James Early, Humor Columnist
How I yearn for the cool Friday night air and the taste of cheap beer, dear readers. Nothing summarizes the college experience quite like an evening out on the town. My current residency has limited my drinking options to whatever my Benevolent Editor (May Her name be praised!) has placed in my tin ration cup. What I do not miss, however, is the all too common sight of biddies (bitties?) and bros.
I am quite certain that your keen eyes have spotted these painted ladies of the night, poised on absurdly high heels, jockeying for position in the bus stop lines. It has occurred to me, however, that few of you take the time to analyze both their cause and effect on the campus as a whole.
Like in any ecosystem, biddies have their niche in college life. Screeching what I assume are mating calls, these groups (which are referred to in educated circles as “gaggles”), roam the highways and byways of Oneonta in search of cheap alcohol and the fleeting embrace of a bro. The night is filled with their empty conversations and the clacking of heels. In all, they are truly repulsive and frightening creatures, stealing the spotlight from the Gorgons of earlier times.
Calm yourselves, dear readers, for I am not attacking womankind as a whole in these observations, merely one hideous facet. You may ask, “Why, O Brilliant Columnist, why do you speak so unkindly? Are they truly so vile?” I will address this criticism without further ado, as my lighting is weak and my mind is weary.

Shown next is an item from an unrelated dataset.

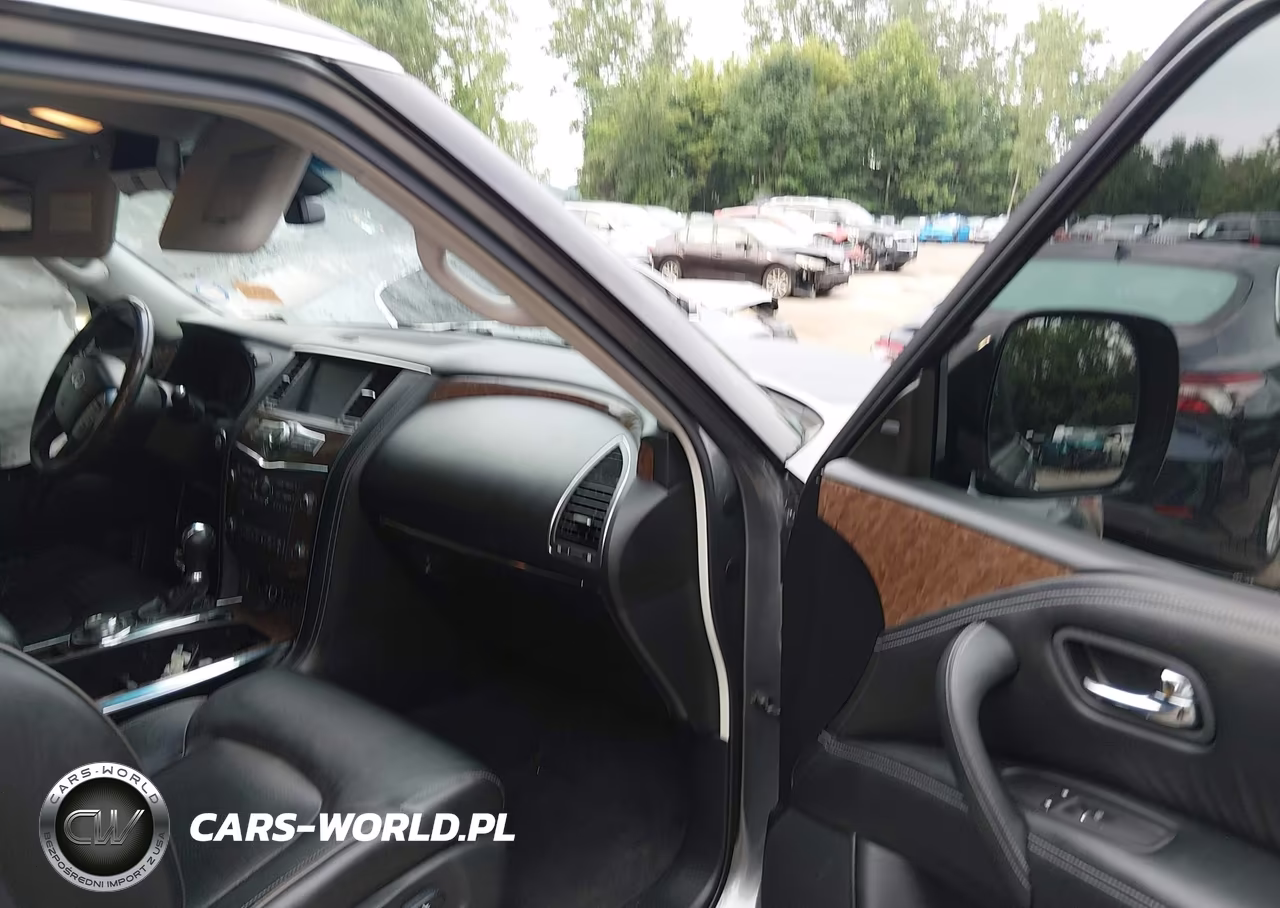 2015 Infiniti Qx80 VIN:JN8AZ2NE4F9086335 - 5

Women are truly beautiful creatures. Biddies, however, are far from women. These girls play dress up and venture forth with no other objective than to fulfill the lyrics of “Girls Just Want to Have Fun.” I have yet to see a mature and confident woman mistake a scrunchie for a skirt or attempt to balance on heels that are impractical for the hills and pot holes of Oneonta.
Make no mistake, readers, for I am not above the enticement of flesh. But observe the average biddy. After the initial eyebrow raise, a man rapidly loses interest. Modesty is twice as enticing as exhibition. How am I supposed to undress you with my eyes if all your assets are already hanging out for the world to see? It is the thrill of the chase and the desire to discover that urge men to pursue a woman, not the nearly non-existent nightwear of a biddy. Though I am merely a man with a pen (or laptop, in this case), I find myself insulted for all womankind.
The astute reader may have noticed that I have avoided the topic of “brocks,” or flocks of bros, up until this point. I am hesitant to introduce such a topic, since you’ve likely had your fill of douchebaggery considering the writer of this piece. These spray-tanned, half-wit braggarts chase gaggles around the downtown, popping their collars and slapping each other high fives. The public understands you, bros. Your thin veneer of camaraderie almost certainly isn’t a cover for underlying homoerotic urges and your overly aggressive tendencies probably aren’t a coping mechanism for erectile dysfunction.
Do not mistake my overtness in mocking these brocks as boldness on my part. I merely doubt their ability to read polysyllabic words. For now, I will bid you all safe passage in the coming weekend and advise you to steer clear of the gaggles and brocks. Birds may carry the flu, but I would hate to imagine what horrid things you could catch from those night walkers.